Yes, worry about generalizing from data to population. But multilevel modeling is the solution, not the problem

A sociologist writes in:

Samuel Lucas has just published a paper in Quality and Quantity arguing that anything less than a full probability sample of higher levels in HLMs yields biased and unusable results. If I follow him correctly, he is arguing that not only are the SEs too small, but the parameter estimates themselves are biased and we cannot say in advance whether the bias is positive or negative.
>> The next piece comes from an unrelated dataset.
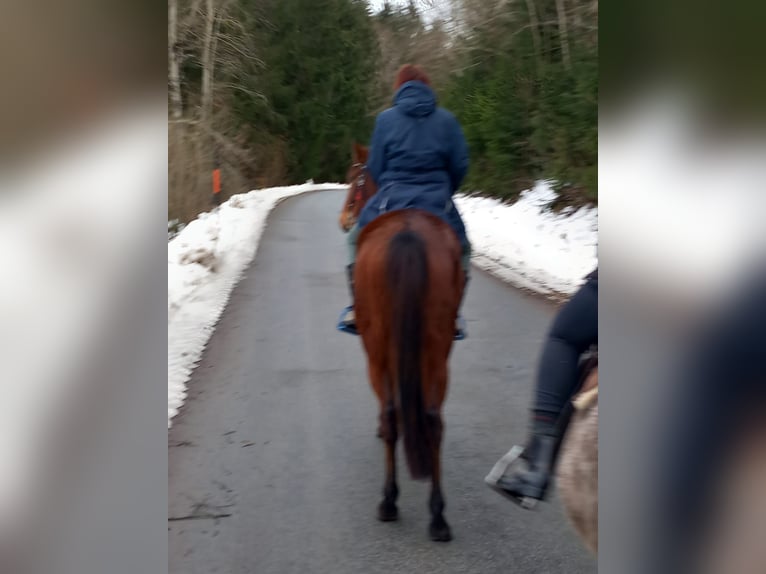 German Trotter Mare 5 years 16 hh Bay-Dark in Frauenau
Lucas has thrown down a big gauntlet, advising us throw away our data unless the sample of macro units is right and ignore the published results that fail this standard. Extreme.
Is there another conclusion to be drawn?
Other advice to be given?
A Bayesian path out of the valley?

Heres’s the abstract to Lucas’s paper:

The multilevel model has become a staple of social research. I textually and formally explicate sample design features that, I contend, are required for unbiased estimation of macro-level multilevel model parameters and the use of tools for statistical inference, such as standard errors. After detailing the limited and conflicting guidance on sample design in the multilevel model didactic literature, illustrative nationally-representative datasets and published examples that violate the posited requirements are identified. Because the didactic literature is either silent on sample design requirements or in disagreement with the constraints posited here, two Monte Carlo simulations are conducted to clarify the issues. The results indicate that bias follows use of samples that fail to satisfy the requirements outlined; notably, the bias is poorly-behaved, such that estimates provide neither upper nor lower bounds for the population parameter. Further, hypothesis tests are unjustified. Thus, published multilevel model analyses using many workhorse datasets, including NELS, AdHealth, NLSY, GSS, PSID, and SIPP, often unwittingly convey substantive results and theoretical conclusions that lack foundation. Future research using the multilevel model should be limited to cases that satisfy the sample requirements described.

And here’s my reaction:

My short answer is that I think Lucas is being unnecessarily alarmist. To me, the appropriate analogy is to regression models. Just as we can fit single-level regressions to data that are not random samples, we can fit multilevel models to data that are not two-stage random samples. Ultimately we are interested in generalizing to a larger population, so if our data are not simple random samples, we need to account for this, a concern that I and others address using multilevel modeling and poststratification; see, for example, my recent paper with Yair.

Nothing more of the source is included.